Während die Initiator*innen von ähnlichen Radentscheiden in über 30 Großstädten nach der Unterschriftensammlung mit Rat und Verwaltung verhandelt haben, setzt GöttingenZero von Anfang an auf die Abstimmung an der Wahlurne.

“Die Politik war bislang zu mutlos und unsere Verwaltung wirkt auf weiten Strecken ausgebremst. Wir glauben, dass die Bevölkerung schon weiter ist und sind deshalb zuversichtlich, dass wir die vielen Unterschriften gesammelt bekommen und zur Europawahl im Juni 2024 den Radentscheid auch gewinnen werden”

so Jonas Luckhardt, von der AG Radentscheid von GöttingenZero.

Zu deutlich haben Rat und Verwaltung bislang signalisiert, dass sie weiter an der erfolglosen Strategie des Mischverkehrs auf vielbefahrenen Straßen festhalten wollen. So ist keine wirkliche Verbesserung der Radverkehrssituation in Sicht. Es fehlt der Mut, öffentlichen Raum neu aufzuteilen. Eine positive Entwicklung ist aber nicht möglich, ohne den Menschen jeden Alters, die Fahrrad fahren wollen, mehr Platz im öffentlichen Raum zu geben. Ohne dieses Eingeständnis bleibt die Stadt in einer Sackgasse. Erfreuliche Unterstützung bekam die Klimaschutzgruppe jüngst vom sogenannten Zukunftsforum der Stadt, einem Gremium aus 35 zufällig ausgelosten Bürger*innen aller politischen und unpolitischen Richtungen.

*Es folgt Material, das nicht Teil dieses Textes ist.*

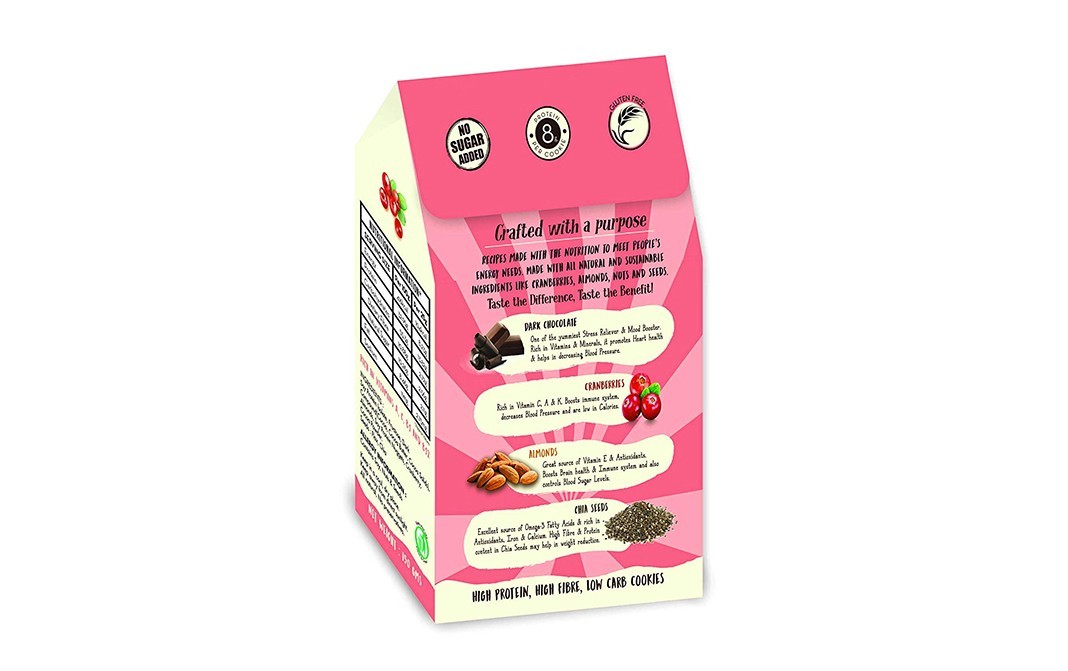 All Good Taste Choco Protein Cookies Soft Baked With Cranberries, Almonds And Chia Seeds   Box  150 grams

Sie empfahlen in einem Gutachten für die Weender Landstraße genau das einzurichten, was im Radentscheid Protected Bike Lane genannt wird [Umweltausschuss 27.06.2023]. Eine ganze Fahrspur soll für den Fahrradverkehr bereitgestellt werden, eine weitere für den Bus und nur noch eine für das Auto. So fordern sie: “Die Zahl der Autospuren soll verringert werden und Parkplätze sollen wegfallen.” Sie beschlossen mit überwältigender Mehrheit, dass dort, wo der Platz nicht für alle reicht, die Busspur entfallen soll, und der Bus zu den Autos auf die Fahrbahn kommt, nicht auf die Fahrradspur. Auch das deckt sich mit Forderungen des Radentscheids.

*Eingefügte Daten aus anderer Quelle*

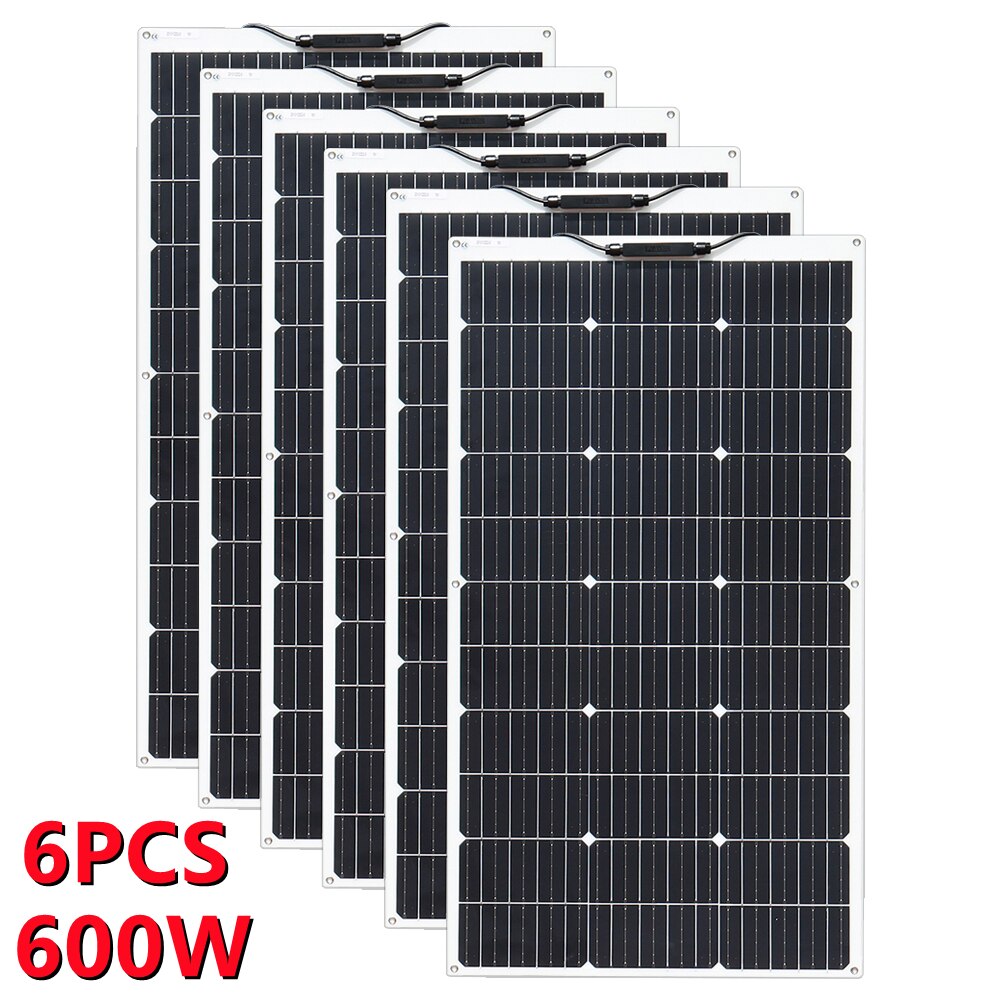 Solpaneler på 100W-1000W för prepping och Off-Grid - Solar Panel, 1000W, Flexible Monocrystalline Solar Cells 1~10PCS 100~1000 Watt PV Module 12V 24V Photovoltaic Off Grid System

“Uns überrascht nicht, dass eine Mehrheit in der Bevölkerung so denkt und die Notwendigkeit sieht, dass Fahrräder auf solchen Straßen dringend einen geschützten Raum brauchen. Was uns überrascht, ist, dass es für so einen Beschluss mit erheblichen Auswirkungen auf die ganze Göttinger Verkehrsinfrastruktur in einem solchen Zufallsgremium bereits heute über 90 Prozent Zustimmung gibt, ohne dass wir dafür einen Tag Werbung gemacht haben”

so Luckhardt.

Über GöttingenZero

GöttingenZero ist die lokale Untergruppe der Klimaschutzorganisation GermanZero. Mitglieder der Gruppe sind unter anderem Göttinger Wissenschaftler:innen, Ärzt:innen, Lehrer:innen und Studierende, die sich für nachhaltige Stadtentwicklung und insbesondere Klimaneutralität in Göttingen bis 2030 einsetzen. Dafür startete die Gruppe im Jahr 2021 ein Bürgerbegehren und sammelte dafür 7.686 gültige Unterschriften. Mit dem Ratsentschluss vom Dezember 2021 wurde der Bürgerentscheid abgewendet und stattdessen der „Klimaplan Göttingen 2030“ beschlossen. GöttingenZero arbeitet seitdem in Kommunikation mit der kommunalen Politik an der Realisierung des Vorhabens, Göttingen bis 2030 klimaneutral zu machen. Zu diesem Zweck hat die Gruppe unter anderem einen alternativen Klimastadtplan vorgelegt, der ausgehend vom Treibhausgas-Restbudget konkrete Maßnahmen zur CO2-Reduktion vorschlägt.